Kritiker, auch innerhalb der Korporationen selbst, bemängeln, daß Studentinnen in der Couleurstudentischen Szene stark unterrepräsentiert sind. Ansätze zu einer Verbesserung dieser Situation gibt es - seit den 80er Jahren haben sich so viele Damenverbindungen gegründet, einige mit tatkräftiger Hilfe von Herrenverbindungen (Akademischen Damenverbindung Selenia zu München mit Hilfe der Burschenschaft Stauffia in der Deutschen Burschenschaft zu München); trotzdem ist auf diesem Feld noch viel durch die Korporationen zu tun.

Kritiker bezeichnen Studentenverbindungen als System von Seilschaften, in dem nicht Leistung die wesentliche Rolle bei der Karrieregestaltung des Einzelnen spiele, sondern die Beziehungen, die in der Korporation aufgebaut würden. Mit der gleichen Argumentation könnte man allerdings alle Vereine kritisieren; Studentenverbindungen helfen ebenso wie Sanitätsdienste, Feuerwehr oder Sportverein, Kontakte zu knüpfen und Bekanntschaften zu schließen. Durch die Zielgruppe von Studentenverbindungen - Akademiker - sind couleurstudentische Bekanntschaften zwar häufig näher am Arbeitsleben angesiedelt; außer einem Startpunkt können Studentenverbindungen aber nichts liefern, ohne Leistungsbereitschaft und Kompetenz - was Korporationen freilich per Programm zu fördern und auszubilden versuchen - wird auch ein Bewerber aus einer Studentenverbindung scheitern.
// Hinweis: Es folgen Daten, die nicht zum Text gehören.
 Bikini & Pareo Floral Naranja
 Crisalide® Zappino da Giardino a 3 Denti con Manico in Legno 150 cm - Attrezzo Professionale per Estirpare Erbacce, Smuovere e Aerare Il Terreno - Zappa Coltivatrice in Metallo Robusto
Im Fuxenstatus, einer normalerweise zwei Semester betragenden Probe- und Orientierungsphase mit reduziertem Beitrag für Neumitglieder, sehen manche Außenstehende fälschlicherweise eine hierarchische Struktur. Zwar sind Neumitglieder (Füchse oder Füxe, weiblich Fähen oder Feen) vom Gremium des Burschenconvents (BC) noch nicht zugelassen; dieser entscheidet allerdings nur in Interna, die für einen Fuxen in der Regel noch nicht ohne weiteres einsehbar sind. Zum Allgemeinen Convent (AC), bei dem die große Mehrheit der Entscheidungen über die Verbindung getroffen wird, haben sie volles Stimmrecht. Des weiteren beträgt die Fuxenzeit ein Jahr gegenüber der lebenslangen Mitgliedschaft (Lebensbundprinzip). Für Kenner der Couleurstudentischen Szene ist das Gerücht von der Hierarchischen Struktur im Gegenteil sehr unverständlich, da die durch das Bundesgeschwisterliche Du miteinander verbundenen Mitglieder im Gegenteil einem sehr hohen Gleichheitsideal verhaftet sind. Die darüber hinausgehende Behauptung antidemokratischer Strukturen läßt sich schon alleine dadurch widerlegen, daß das Philisterium einer Studentenverbindung als Idealverein dem deutschen Vereinsrecht unterliegt, das so etwas nicht zuläßt.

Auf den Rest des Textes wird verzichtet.